August 10, 2008 11:06 AM

How has it taken me three weeks

… to listen to Blood on the Tracks?

At work, they had fortune cookies one day, and I took three to improve my odds. In order of opening, they were: "Time to break out of that corner, get that rut unstuck." "Even the toughest of days have bright spots, just do your best." "This is an extremely favorable day, just perfect for romance." Two out of three weren't bad.

I found a new favorite name and logo for the incoming Oklahoma City NBA team. The Oklahoma City Coopers "named for D.B. Cooper, the original supersonic hijacker," ha-ha, the creator tells Uni Watch.

Started reading two books. Have been to new places around town. Have picked up the Netflix pace but lost what little movie theater pace there was. Dark Knight at Udvar-Hazy, I'm still coming for you.

I had lots of leftover sad or comtemplative YouTube songs, from that initial burst. Let's drop some that didn't make the initial cut to prevent them from being posted otherwise: Pet Sounds' Here TodayHere Today with only vocals, Frank Black's cover of Hang on to Your Ego, Sesame Street's Don't Want to Live on the Moon, and Dance Myself to Sleep (arguably a top five Henson-mayhem moment on the Street).

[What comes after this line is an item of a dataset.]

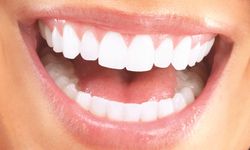Lamine Diş Kaplamalarının Bakımı: Nelere Dikkat Edilmeli?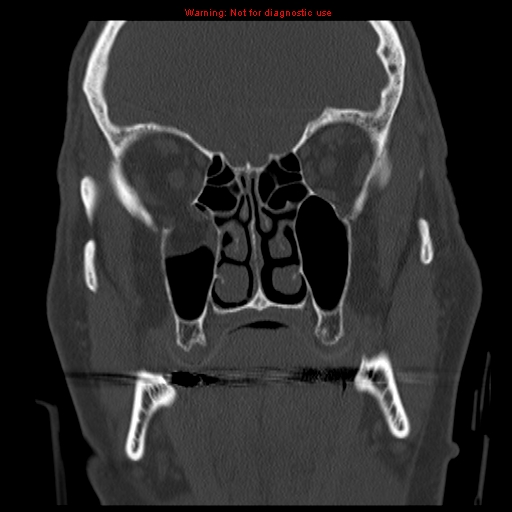 File:Blowout fracture with inferior rectus entrapment (Radiopaedia 12418-12673 Coronal bone window 11).jpg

I also watched lots of videos of Lego creation. Thank you, Gizmodo. If you ever needed any reason to run away and join Lego, you can find hundreds of reasons in the blog's special report. Having your business card as a mini-figure might be the best.

There was also this highlight from the extended Q&A: "Any plan to sell real-life brick-size Lego pieces? I want to build an actual house. We have no plans at this time to sell real-life brick-size Lego pieces. You'll just have to build your house of normal materials for the time being."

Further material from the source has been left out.